Maliye Bakanı Kemal Unakıtan, "Ben kendimi yurt dışından gelecek paraya bağlamış durumda değilim. (Bu gelmezse yandık) diye bir düşüncemiz yok. Şu anda alınması gereken kararlardan biri olduğuna ve hızlı çıkması gerektiğine inanıyoruz” dedi.

Beşiktaş'taki Four Seasons Otel'de, gazete, ajans ve televizyonların temsilcileriyle bir araya gelen Unakıtan, dünyada yaşanan finansal krize dikkat çekerek, finans kesimindeki kredi akışlarını biraz daha zorlaştıracak ve kredi imkanları biraz daha kısıtlı olacağı için Türkiye'nin de bundan nasibini alacağı konusunda herkesin mutabık olduğunu belirtti.
Türkiye'nin yurt dışı sermayeye her zaman ihtiyacı olduğunu kaydeden Unakıtan, Türkiye'nin kredibilitesini her zaman iyi tutmasının, sağlam ayaklar üzerine basmasının, kamu finansmanı yönünden faiz dışı fazla ve bütçe açıklarının çok iyi olmasının önemini vurguladı.

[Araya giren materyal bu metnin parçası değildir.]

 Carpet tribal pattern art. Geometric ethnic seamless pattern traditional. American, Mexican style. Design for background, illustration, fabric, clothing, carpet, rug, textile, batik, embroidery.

Unakıtan, “Türkiye'nin 2005 yılından beri bütçelerinde çok iyileşmeler var. Ak Parti hükümeti 2003 yılında geldiği zaman bütçe açığı gayri safi milli hasılanın yüzde 11,5'i idi. 2002 yılında bütçe 119 milyar YTL idi, bunun 40 milyarı açıktı. 40 milyar açık o zaman Afrika ülkelerinde bile yoktu. Türkiye'de, bu sene, 2008 yılında bütçeyi 229,5 milyar YTL olarak bağlayacağız görünüyor. Açık tahmin ise 14 milyar YTL diye tahmin ediyoruz. Bunu da muhafazakar bir tahmin yapıyoruz, daha iyi de olabilir” diye konuştu.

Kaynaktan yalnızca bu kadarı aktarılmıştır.